Print the listing exactly as it stands. Skip every picture.

Segment Start: Exercise data

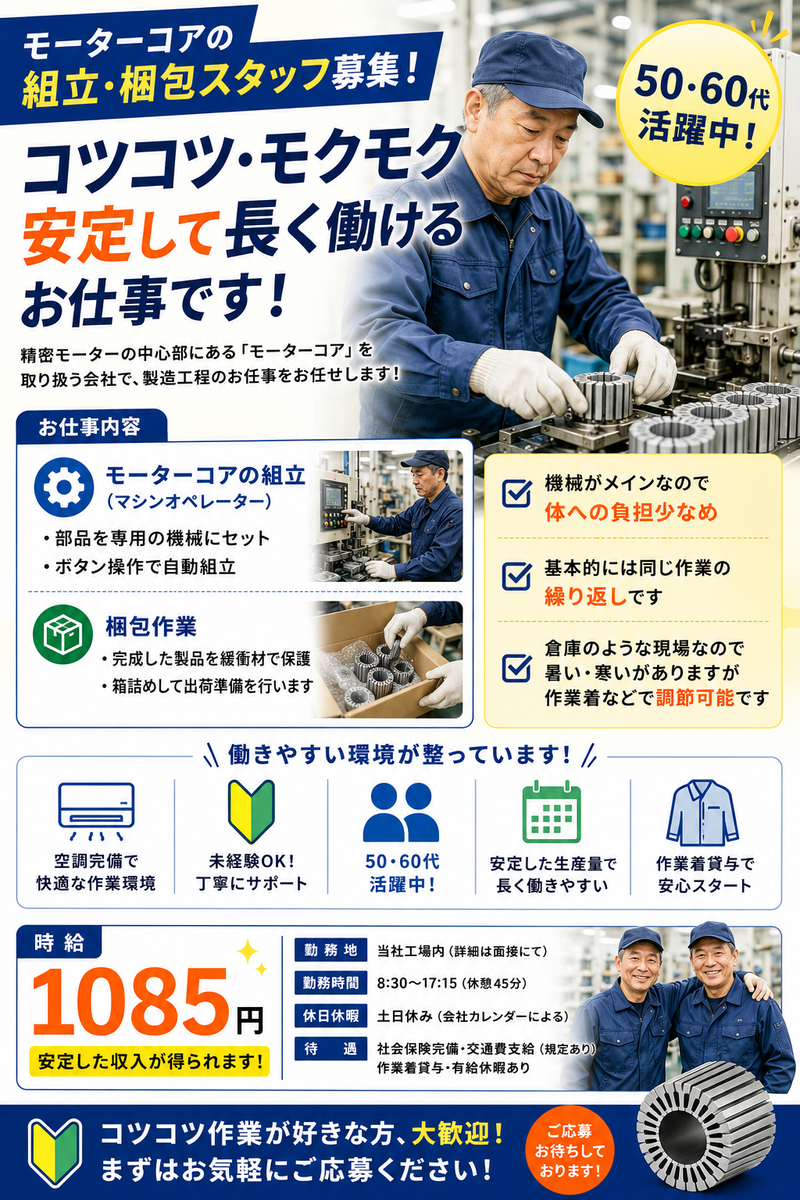 求人画像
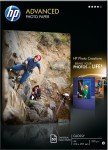 HP Advanced A4 250gsm Glossy Photo Paper - 50 Sheets
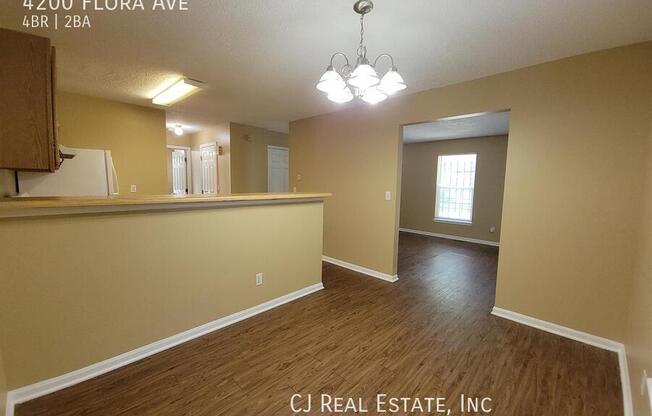 4200 FLORA AVE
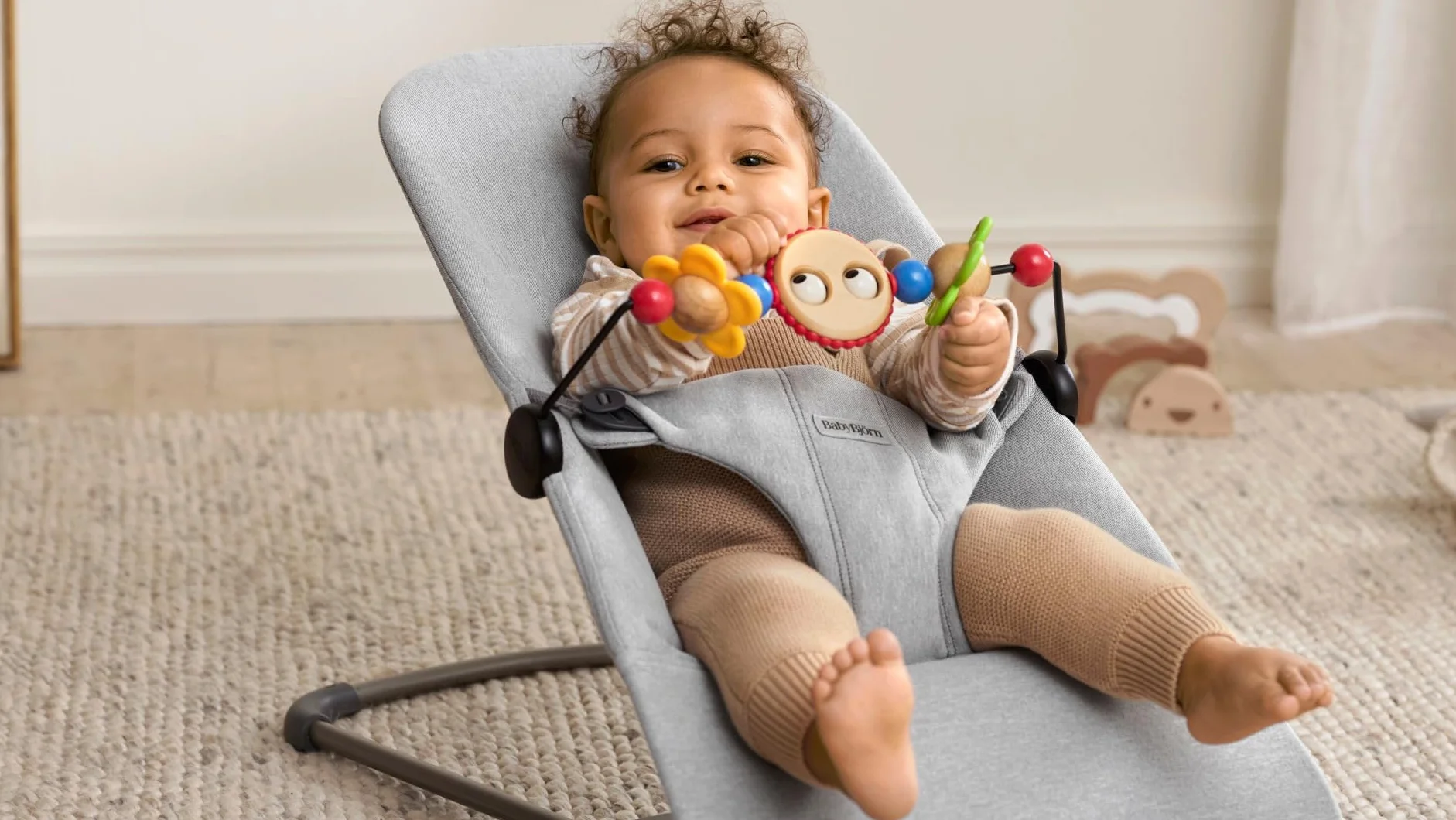 BABYBJÖRN Zabawka do Leżaczka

Segment End: Exercise data

**Solution to this task**
 求人画像
 HP Advanced A4 250gsm Glossy Photo Paper - 50 Sheets
 4200 FLORA AVE
 BABYBJÖRN Zabawka do Leżaczka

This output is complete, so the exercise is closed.